Recorded data: Begin

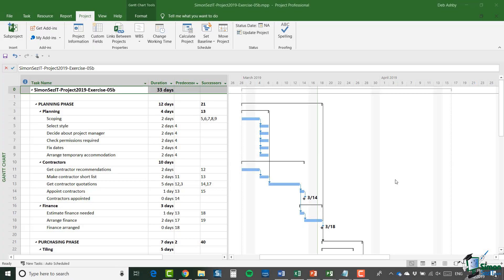Hello again and welcome back to our course on Project 2019. I want to start this section by taking a look at the costs so far on the bathroom refit project, because in this section we're going to look at some of the other costs that can be incurred in a project of this type, and also some of the other ways that you can deal with costs in Project 2019.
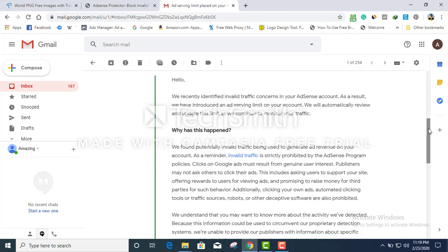As a result, his ad serving has been limited and his account is being reviewed by a specialist. This can actually happen to everybody and anyone.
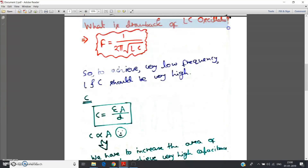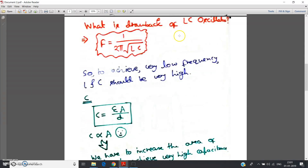Hello friends. In my previous videos on oscillators, I discussed several LC oscillators and RC oscillators — like the RC phase shift oscillator and Wien bridge oscillator. For LC oscillators, I discussed the Hartley oscillator, Colpitts oscillator, and others. Now in this video, I am going to discuss the drawback of LC oscillators. This is a very important topic and may come as an MCQ question in your quiz.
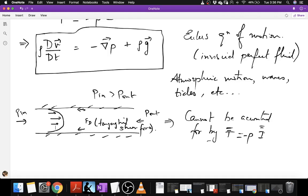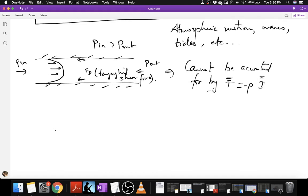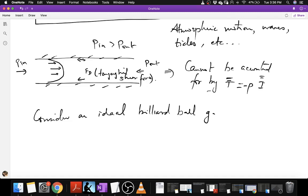To see what is the nature of such additional stresses that might arise due to relative fluid motion, let us consider the simplest molecular model for the ideal gas. We will consider an ideal so-called billiard ball gas with the following macroscopic continuum velocity — some constant called the shear rate.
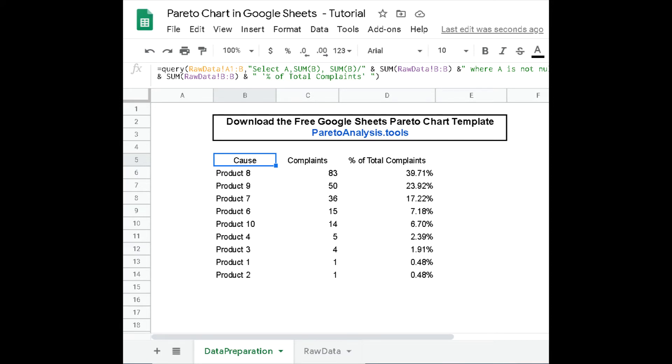One column describes their absolute effect with a numerical value. Here the number of complaints about each product.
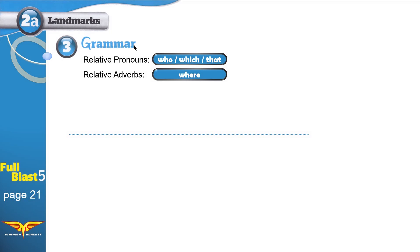Grammar. Today we have relative pronouns: who, which, and that, and we have the relative adverb: where.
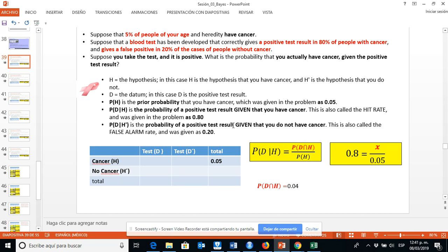Now we will reinterpret this problem and we will use a contingency table. In the columns we have the positive test result D and the negative test result D'. In the rows we have H representing you have cancer and H' representing no cancer. The prior probability equals the marginal probability, which is 0.05.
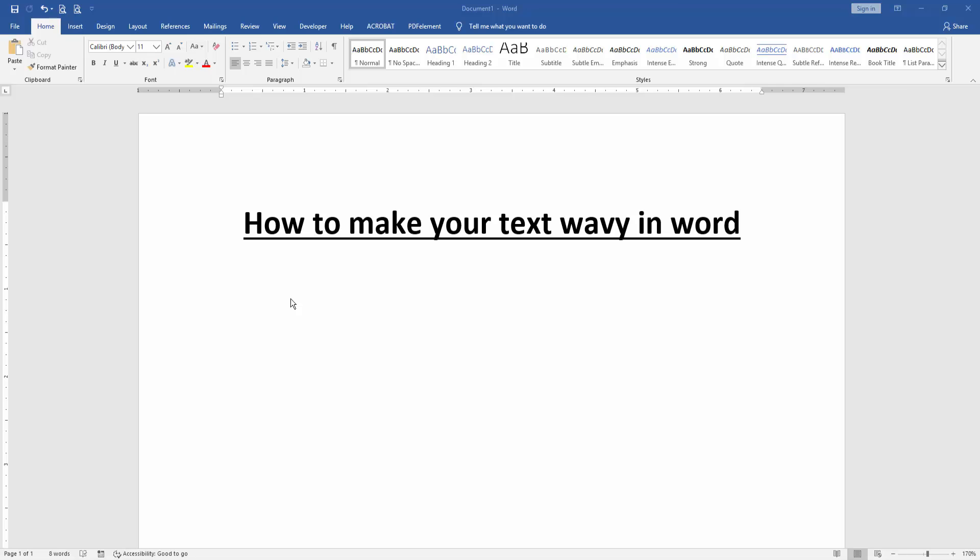In this video, I am going to show you how to make text wavy in Microsoft Word. Let's get started.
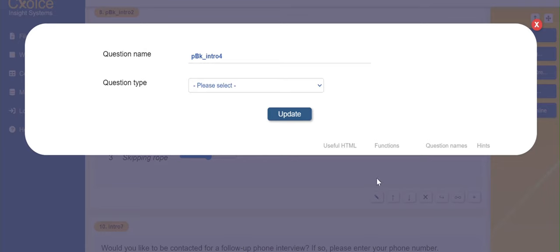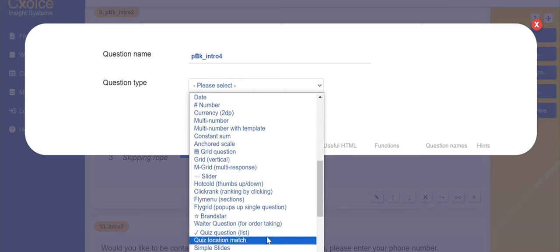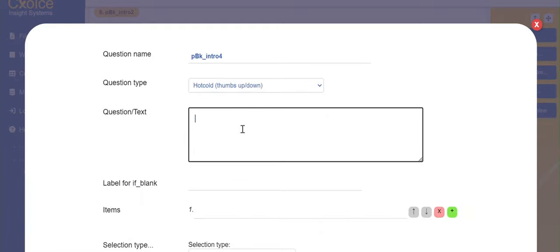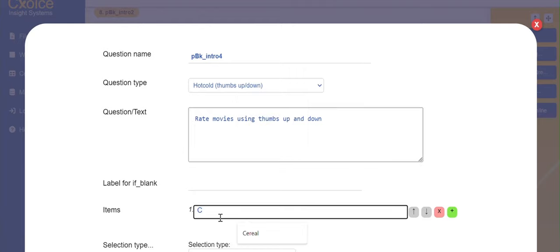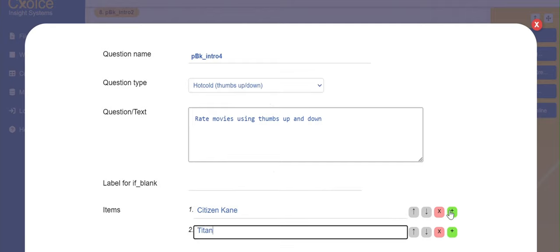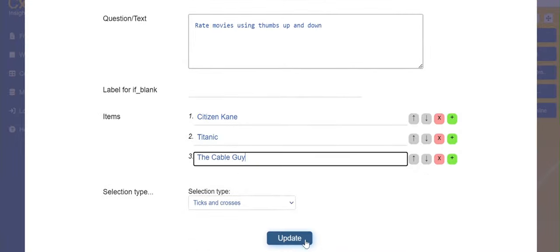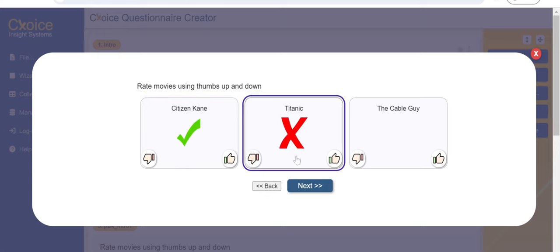One neat option is to have a thumbs up/thumbs down response scale — like a hot/cold response scale. So you may want participants to rate movies using thumbs up and down. You can see here that you can check yay or nay.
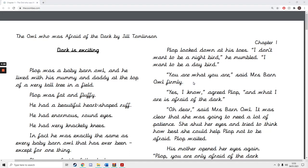Hello Year 2, it's Miss White here. I'm going to read you part of The Owl Who Was Afraid of the Dark and that's going to help you this morning to answer your comprehension questions.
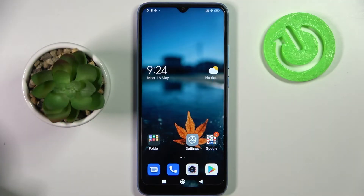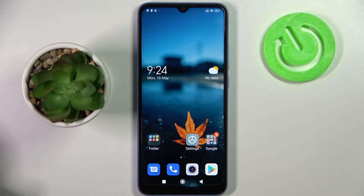Hi! In front of me is the Xiaomi Redmi 10C, and today I would like to show you how you can manage all vibration settings on this device.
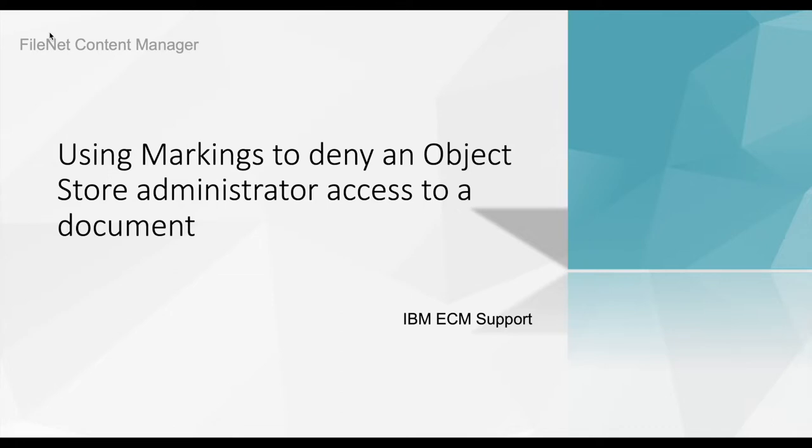If you need more information about markings, you can find it from FileNet Content Manager documentation on IBM website.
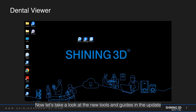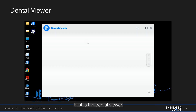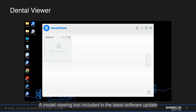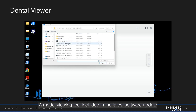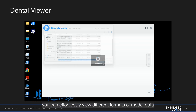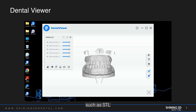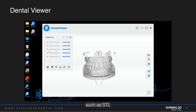Now let's take a look at the new tools and guides in the update. First, the dental viewer, a model viewing tool included in the latest software update. With this tool, you can effortlessly view different formats of model data, such as STL, OBJ, and more, without the need to open the scanning software.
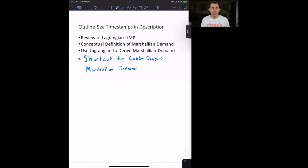Welcome back to In Case of Econ Struggles, and welcome to another micro struggle. Today we're going to talk about Marshallian demand, which is related to the utility maximization problem, and also closely related to using the Lagrangian with the utility maximization problem.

Recorded data: End

▶ _What is being asked_: Your answer should consist solely of the lines from the one with "Now let's take" through the last line of the entries, restated word for word, with the pictures omitted.

▶ _Solution to this problem_:
Now let's take a look at the new tools and guides in the update. First, the dental viewer, a model viewing tool included in the latest software update. With this tool, you can effortlessly view different formats of model data, such as STL, OBJ, and more, without the need to open the scanning software.
Welcome back to In Case of Econ Struggles, and welcome to another micro struggle. Today we're going to talk about Marshallian demand, which is related to the utility maximization problem, and also closely related to using the Lagrangian with the utility maximization problem.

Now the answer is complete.